» Material shown
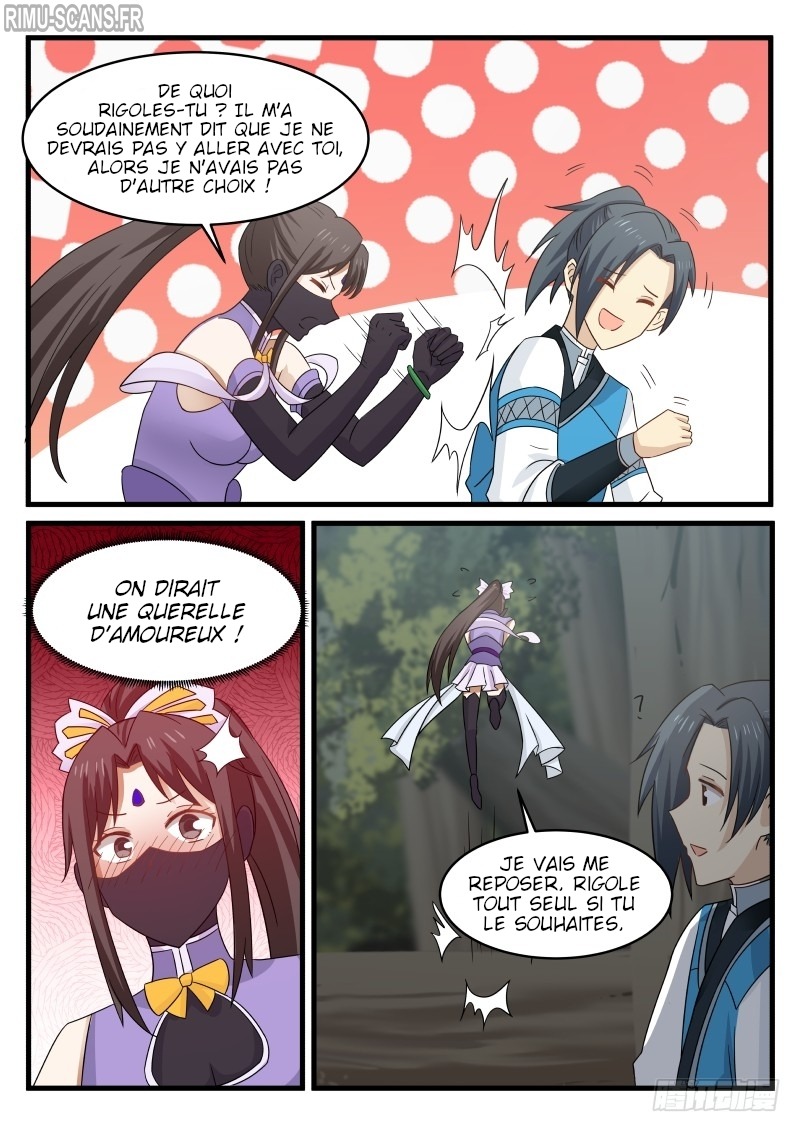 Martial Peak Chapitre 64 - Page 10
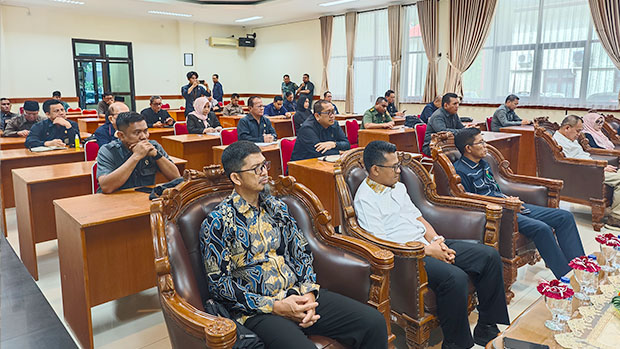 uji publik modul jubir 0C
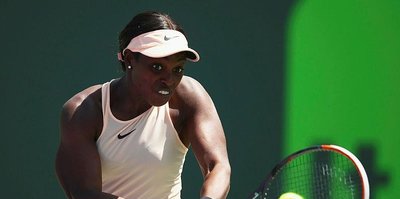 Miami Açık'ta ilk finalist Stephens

...

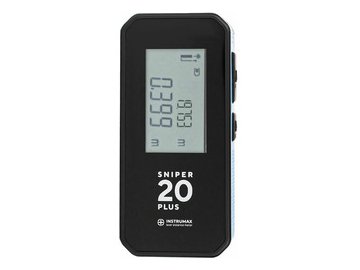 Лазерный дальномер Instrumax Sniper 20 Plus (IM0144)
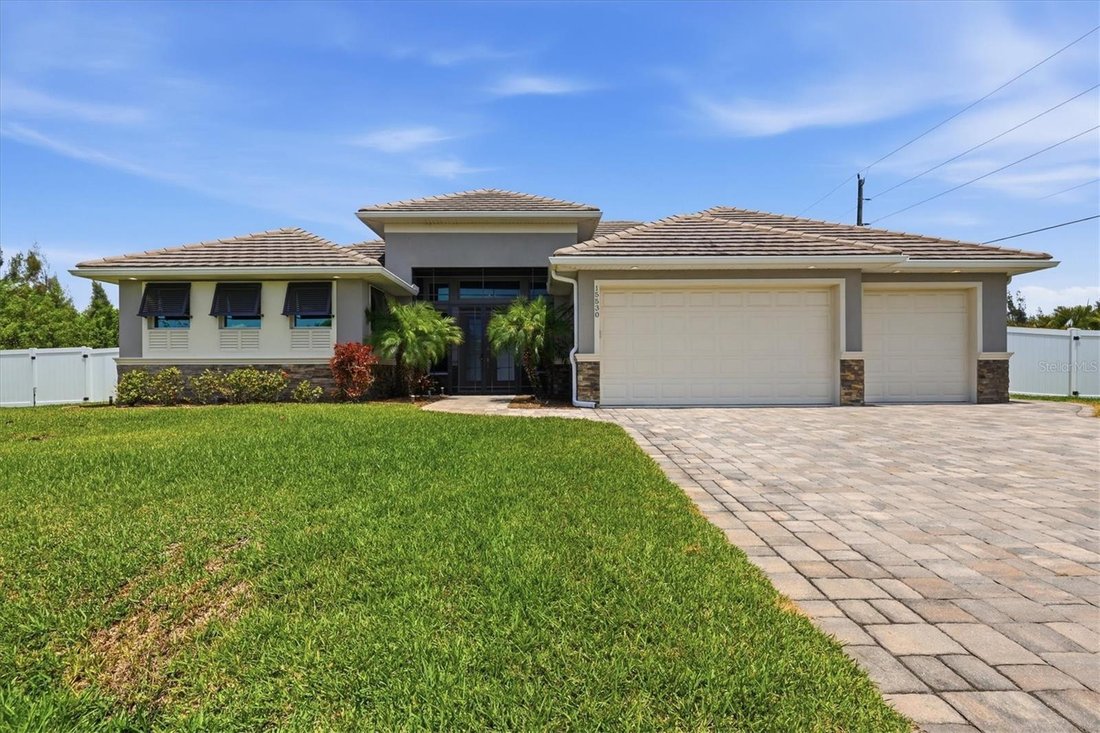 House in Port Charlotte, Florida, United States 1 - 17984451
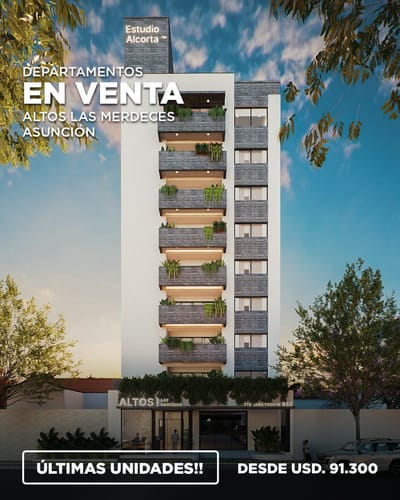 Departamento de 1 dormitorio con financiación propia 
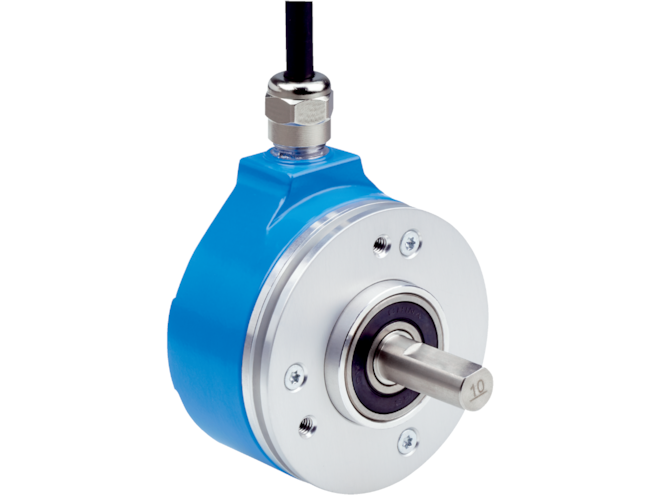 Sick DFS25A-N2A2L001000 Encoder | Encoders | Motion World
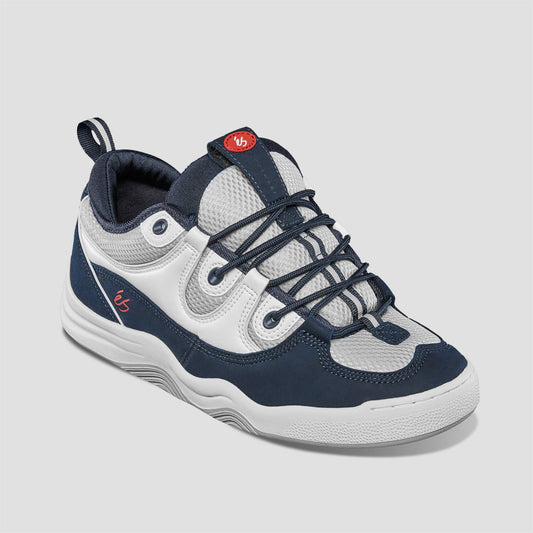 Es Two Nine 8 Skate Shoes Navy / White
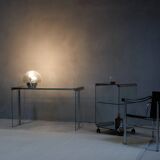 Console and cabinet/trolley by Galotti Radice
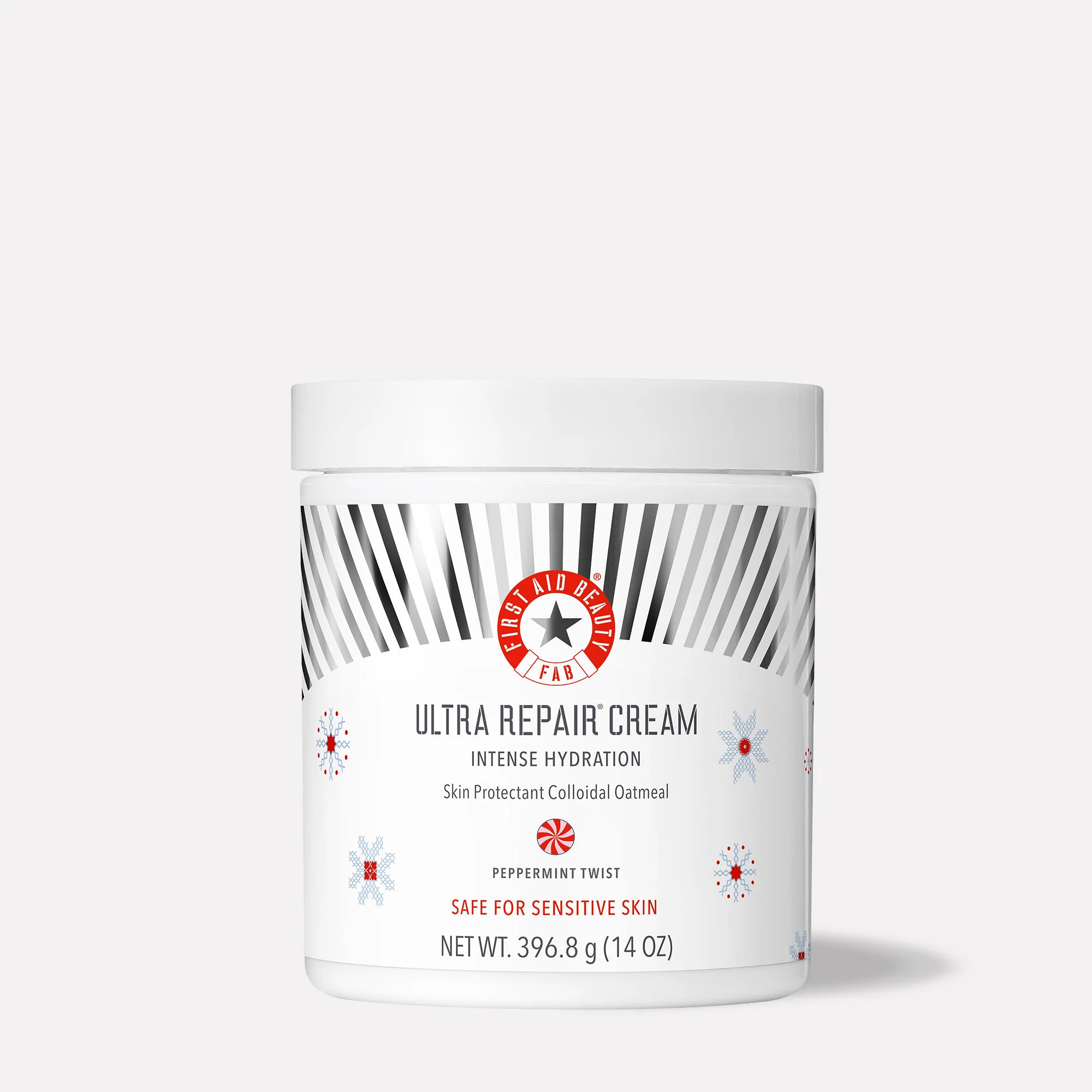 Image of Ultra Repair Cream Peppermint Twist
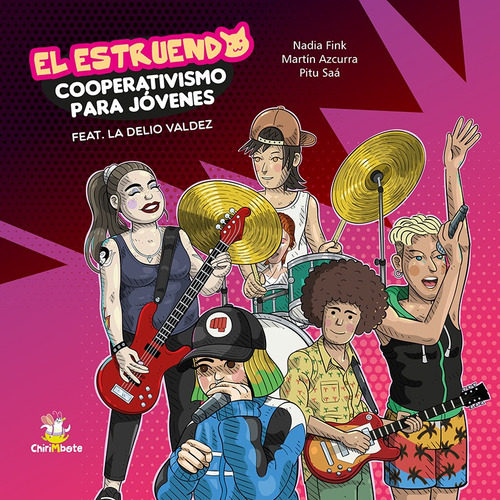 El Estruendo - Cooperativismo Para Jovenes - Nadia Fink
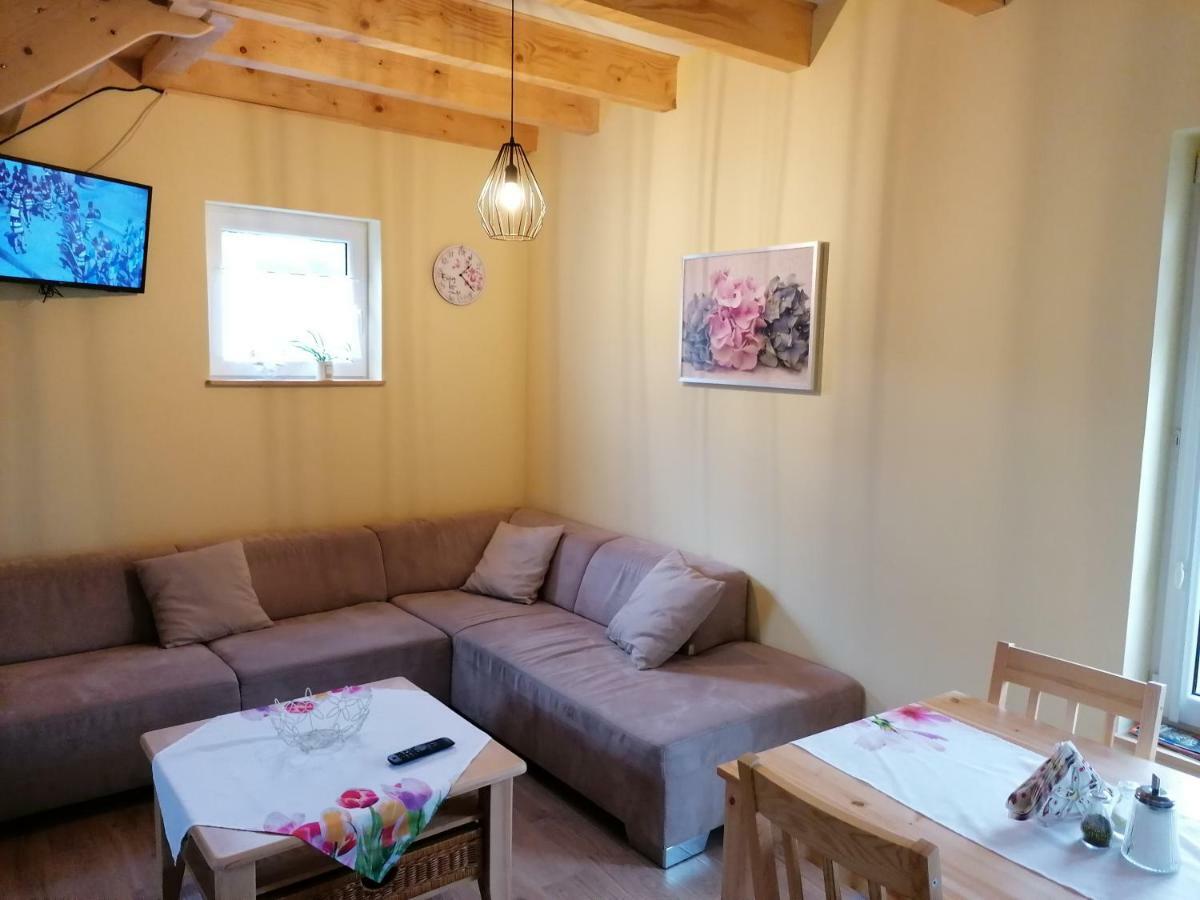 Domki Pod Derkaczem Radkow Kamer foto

...

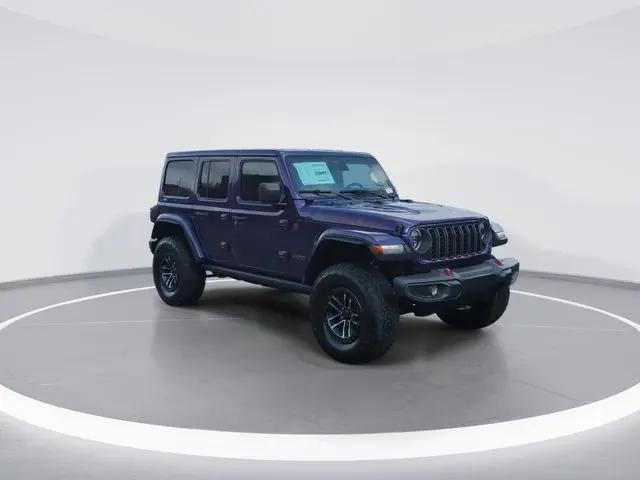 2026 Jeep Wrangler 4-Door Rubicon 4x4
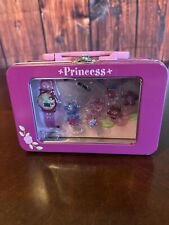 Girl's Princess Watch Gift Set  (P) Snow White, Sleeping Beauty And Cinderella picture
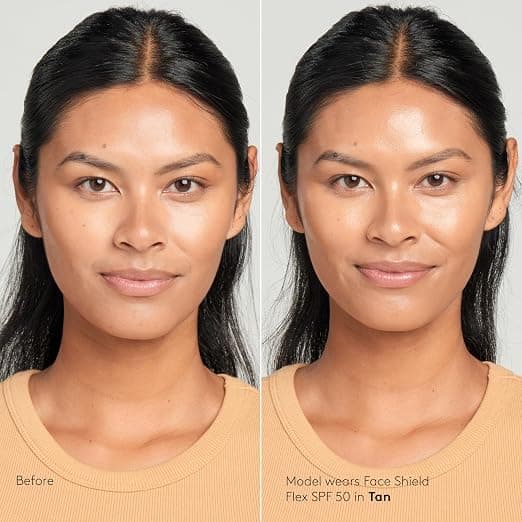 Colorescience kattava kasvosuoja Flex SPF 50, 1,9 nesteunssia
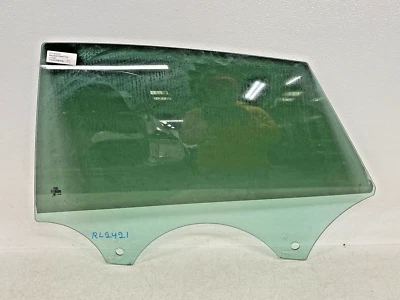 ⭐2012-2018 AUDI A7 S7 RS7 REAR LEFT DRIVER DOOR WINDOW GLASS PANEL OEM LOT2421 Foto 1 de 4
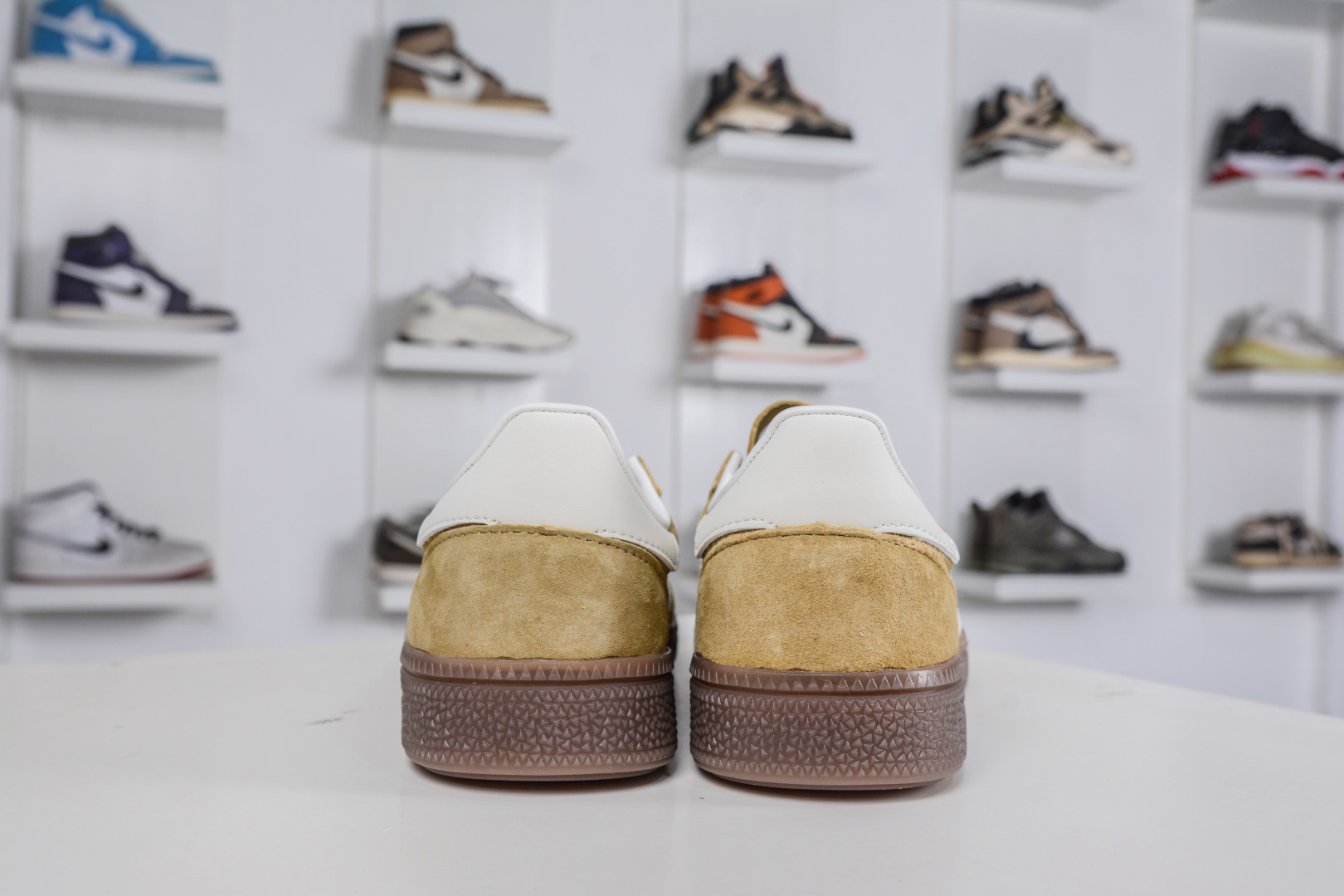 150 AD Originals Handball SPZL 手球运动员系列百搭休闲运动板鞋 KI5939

» The problem
Write out, word for word, the stretch of entries that begins at the line with "Лазерный дальномер Instrumax" and ends at the line with "Domki Pod Derkaczem Radkow Kamer foto". Pictures do not belong in it.

» Solution to this task
 Лазерный дальномер Instrumax Sniper 20 Plus (IM0144)
 House in Port Charlotte, Florida, United States 1 - 17984451
 Departamento de 1 dormitorio con financiación propia 
 Sick DFS25A-N2A2L001000 Encoder | Encoders | Motion World
 Es Two Nine 8 Skate Shoes Navy / White
 Console and cabinet/trolley by Galotti Radice
 Image of Ultra Repair Cream Peppermint Twist
 El Estruendo - Cooperativismo Para Jovenes - Nadia Fink
 Domki Pod Derkaczem Radkow Kamer foto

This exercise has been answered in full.